El Materno potencia la cirugía cardiaca infantil que crece un 37%

La incorporación de un aparato que hace de corazón artificial permite operaciones más complejas

El equipo del Materno que utilizó por primera vez el aparato que hace de pulmón y corazón artificiales.
El equipo del Materno que utilizó por primera vez el aparato que hace de pulmón y corazón artificiales.
Leonor García Málaga

16 de agosto 2015 - 01:00

Hay cifras muy elocuentes. El balance del área de Cirugía Cardiovascular Pediátrica del Materno recoge que las operaciones de corazón en ese servicio se han incrementado nada menos que un 37%. Exactamente, pasaron de 105 en 2013 a 144 en 2014. Además, con un alto grado de complejidad, ya que en aquel año, 72 fueron con circulación extracorpórea y en el pasado, subieron a 88 de estas características.

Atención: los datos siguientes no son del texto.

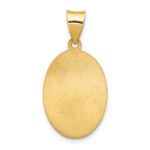 14k Polished and Satin Hollow St. Anthony Medal Oval Pendant - Image 4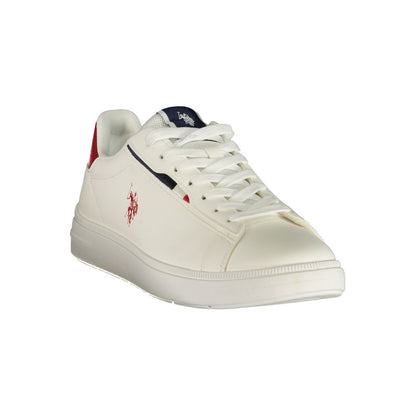 U.S. POLO ASSN. Bianco Polyurethane Men's Sneaker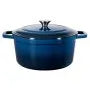 VEVOR 6 Qt Enameled Cast Iron Dutch Oven with Lid, Heavy-Duty Bread Baking & Braising Pot, Oven Safe to 500°F, Induction Compatible Cookware, Blue
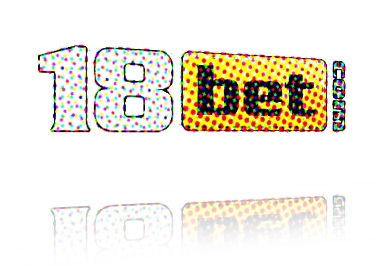 Logotipo reflejado de 18bet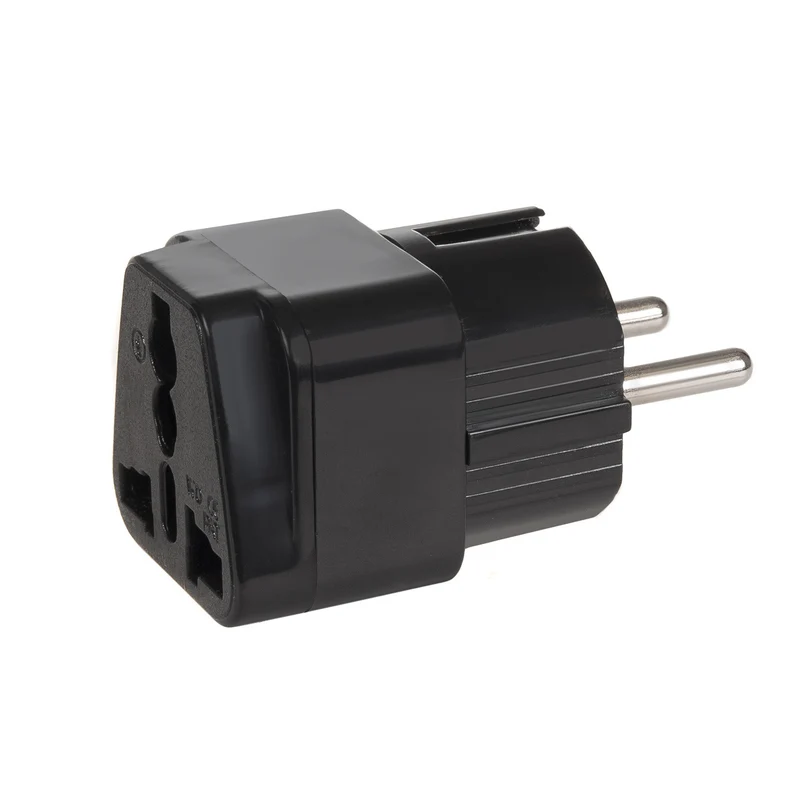 Maclean Energy Reise Adapter UK / GB auf EU Universal Schuko Stecker England Deutschland Euro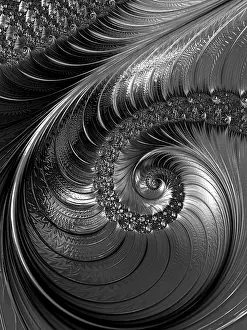 Decorative Digital Art Drucke: Abstract fractal background - computer-generated image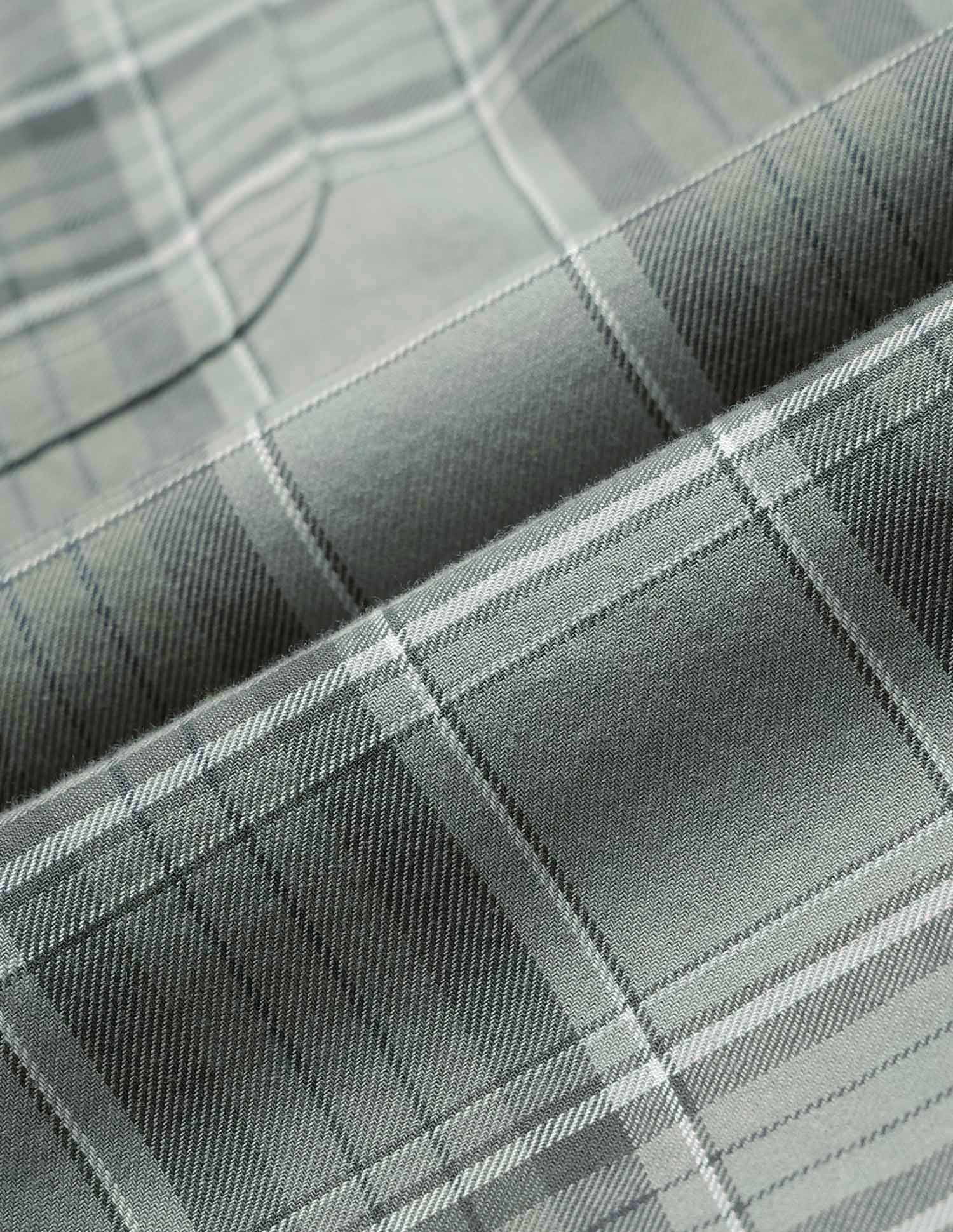Tartan Checked Twill Shirt Light Olive - U.S. Polo Assn. India | Large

El jefe de sección de Cirugía Cardiovascular Pediátrica, Enrique Ruiz, explica la razón del incremento: "Es un área que está potenciando el hospital". Otra de las claves, según apunta el responsable de la sección, es el buen funcionamiento de todo el equipo, que incluye anestesistas, cirujanos, enfermeros e intensivistas. "De nada sirve que el cirujano opere bien si el postoperatorio no se lleva bien", apunta Ruiz.

Las intervenciones pueden durar entre cinco y 12 horas. Los cirujanos cardiovasculares operan patologías congénitas de corazón o algunas surgidas en la primera infancia. La variabilidad de los pacientes es muy amplia. Desde prematuros con apenas un kilo de peso, pasando por adolescentes de unos 60 a adultos con una patología que arrastran desde su infancia. Así, los cirujanos cardiovasculares infantiles deben operar corazones del tamaño de un albaricoque o de un melón de los más pequeños. Y en algunos casos, como los de un prematuro de un kilo, en un tórax que es diminuto.

Otro de los hitos que explican el avance de la cirugía cardiaca pediátrica en el Materno es la incorporación a finales de 2014 de un aparato llamado ECMO que hace las veces de corazón y pulmón artificiales para permitir la recuperación de los pacientes tras operaciones muy complejas.

Ruiz explica que el equipo es una herramienta que ofrece una posibilidad más de supervivencia a niños a los que, tras una intervención, el corazón no les late con suficiente fuerza. El aparato le da tiempo a este órgano para recuperarse y volver a cumplir sus funciones.

El Materno usó por primera vez la ECMO en octubre de 2014. Desde entonces, incluyendo aquel caso, se ha empleado en seis ocasiones.

El jefe de la UCI Pediátrica y las Urgencias Pediátricas, Guillermo Milano, aclara que el aparato no sólo se emplea para patologías cardíacas, sino también respiratorias; de modo que es un soporte técnico de uso multidisciplinar.

Contar con esa tecnología permite a los cirujanos abordar intervenciones más complejas. Así, el Materno hace todo tipo de operaciones de corazón infantiles, a excepción de los trasplantes.

En parte, el aumento de la actividad y los buenos resultados también tiene que ver con este aparato. Ruiz sostiene: "Tener la ECMO para cirugías más difíciles, hace que uno se lance a la piscina y todo el equipo, poco a poco, pierde el miedo a cirugías complicadas. Y al hacerlo con más frecuencia, los profesionales tienen más confianza y más entrenamiento". Un equipo de casi un centenar de profesionales de Cardiología, Cirugía Cardiovascular Pediátrica, Enfermería, Anestesia, UCI Pediátrica y Neonatología.